EXERCISE ::
Output all the data exactly. Pictures do not belong in the copy.

INFORMATION SHOWN ::

========================================================================

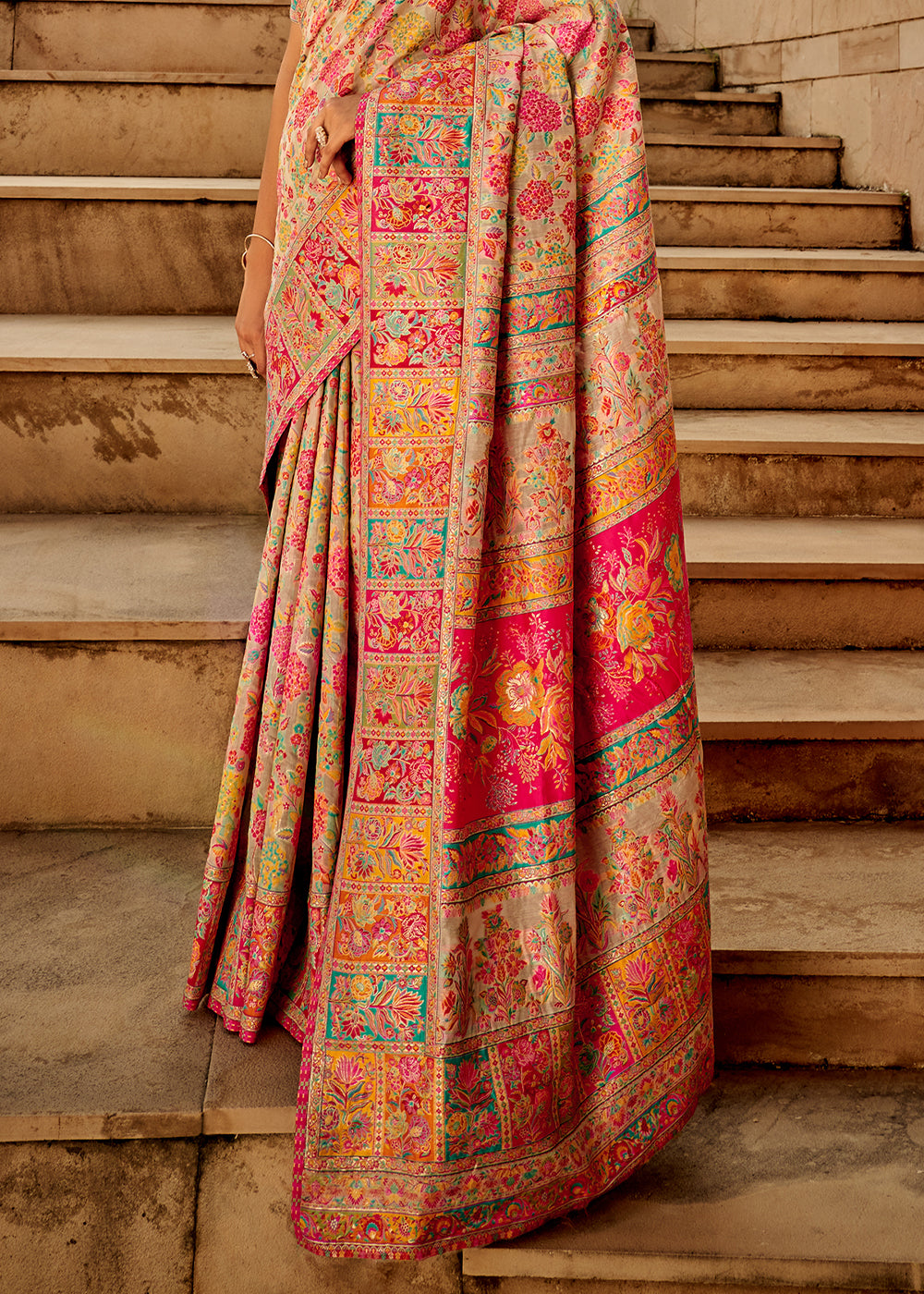 Exquisite Multicolored Woven Kashmiri Jamawar Silk Saree with intricate floral embellishments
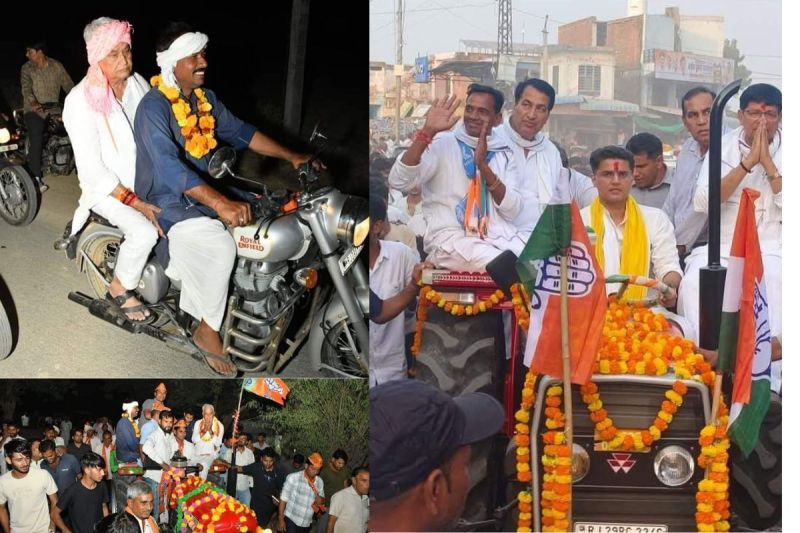 दौसा विधानसभा सीट पर हो रहे उपचुनाव में इस अंदाज में चुनाव प्रचार कर रहे दिग्गज नेता।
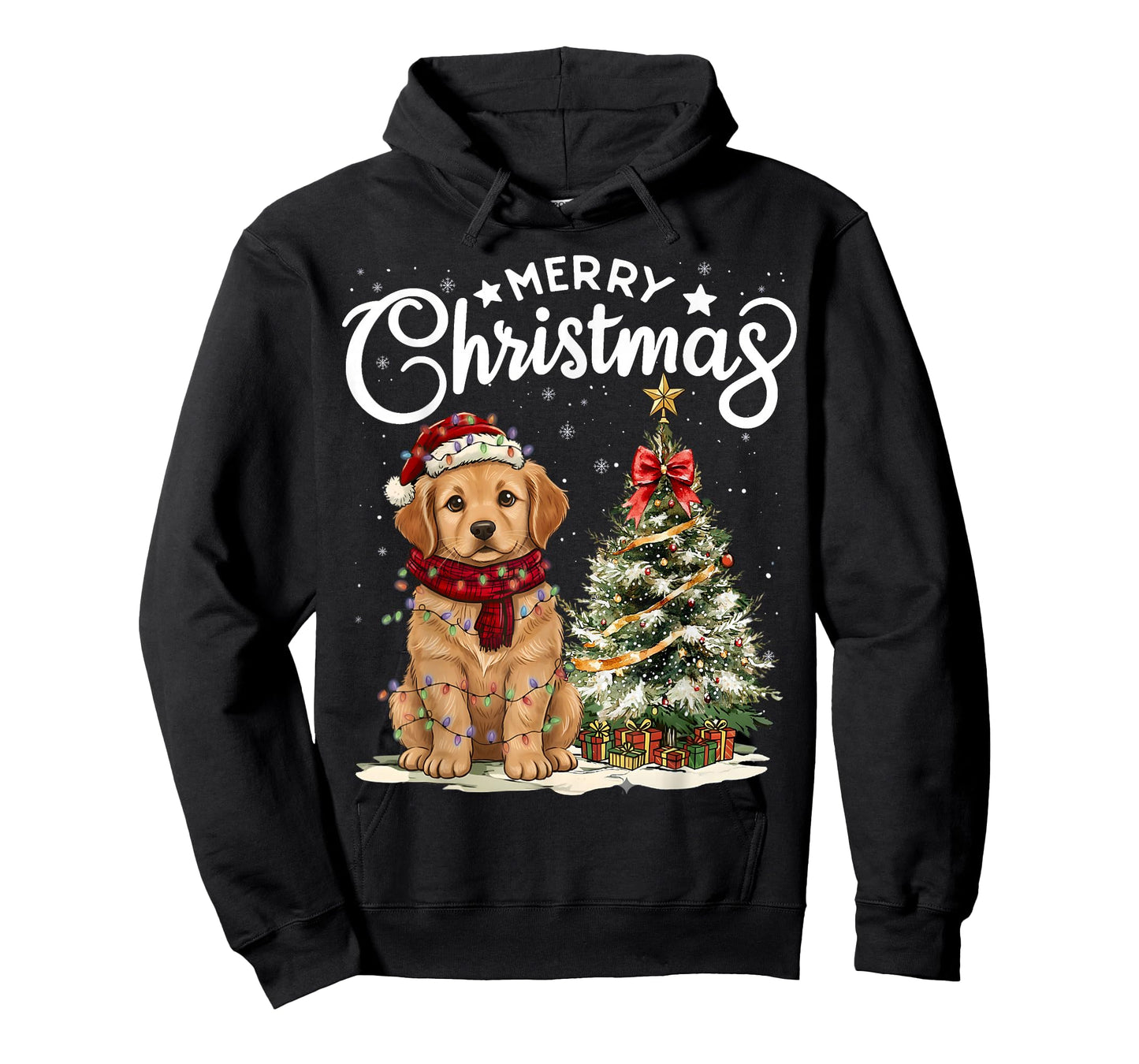 Golden Retriever Merry Christmas Dog Santa Hat Tree Lights T-Shirt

========================================================================

YOUR SOLUTION ::
 Exquisite Multicolored Woven Kashmiri Jamawar Silk Saree with intricate floral embellishments
 दौसा विधानसभा सीट पर हो रहे उपचुनाव में इस अंदाज में चुनाव प्रचार कर रहे दिग्गज नेता।
 Golden Retriever Merry Christmas Dog Santa Hat Tree Lights T-Shirt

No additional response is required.